"Maybe out here, it is," I said, my knuckles white on the steering wheel. My pragmatism was fighting a losing battle against the cold, hard evidence of our own eyes and the trucker's grim confirmation. A part of my brain was still screaming that monsters weren't real, but the rest of it was telling me to shut up and drive faster.
"We need to get to a city," I decided, my voice firm. "A real one. With streetlights and crowds and no empty space for things to hide in. We'll drive all night if we have to."
"Agreed," Emily said, not a trace of argument in her voice. The shared terror had forged a new, unspoken agreement between us. The goal of our trip was no longer to see the country or find adventure, it was simply to survive it.
We pushed on, the miles flying by under our tires. The landscape remained stubbornly dark and empty, an unchanging canvas of black. For a long while, we were the only car on the road, our headlights a solitary beacon in the immense void. With every bend in the road, I half-expected to see that tall, lanky figure standing there, waiting for us.
Slowly, agonizingly, the adrenaline began to fade, replaced by a deep, bone-aching exhaustion. The fear was still there, a cold knot in my stomach, but it was a low hum now instead of a screaming siren. The sun began to rise, casting a pale, grey light over the desert and chasing away the deepest shadows. The world looked normal again, almost peaceful. The red rocks glowed in the early morning light, and for a moment, I could almost convince myself that the events of the previous evening had been a nightmare, a product of exhaustion and heat.
We passed a sign: "Kingman - 50 miles." A real town. Hope, fragile but persistent, began to flicker within me.

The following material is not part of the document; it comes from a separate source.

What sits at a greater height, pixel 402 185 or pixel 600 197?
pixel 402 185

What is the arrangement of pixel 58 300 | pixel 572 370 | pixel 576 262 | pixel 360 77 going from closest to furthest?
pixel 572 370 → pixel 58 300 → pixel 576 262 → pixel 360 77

Emily seemed to be feeling it too. She finally sat up straight, stretching her stiff limbs. She even managed a weak smile.
"Fifty miles," she said. "We can make it fifty miles."
"We can," I agreed, a genuine smile touching my own lips for the first time in what felt like days. The relief was intoxicating. We were going to be okay. We had escaped. The monster was behind us, a bad memory in a stretch of road we would never, ever travel again.
"Can you imagine trying to explain that to anyone back home?" Emily asked, a hint of her old humor returning. "'So, how was the Grand Canyon?' 'Oh, we didn't make it. We were chased by a mythological desert demon and had to flee for our lives.'"
I let out a short, sharp laugh. It sounded rusty. "They'd think we'd been sampling the local cacti."
The mood in the car lifted, the tension that had been strangling us for hours finally loosening its grip. We were giddy with relief, drunk on the simple fact of our survival. The sun was up, a city was near, and the nightmare was over.
Then we heard it.
Thump. Thump. Thump.
A rhythmic, slapping sound from the back of the car. It was the unmistakable, gut-wrenching sound of a flat tire.
I swore and pulled the car over to the shoulder, the flapping rubber making a terrible noise against the pavement. We both sat there for a moment in stunned silence as the engine ticked and cooled. The brief, hopeful bubble we had built around ourselves had just burst, leaving us stranded. Stranded on the side of a lonely highway, in the middle of the very desert we were so desperately trying to escape. Fifty miles had never felt so far away.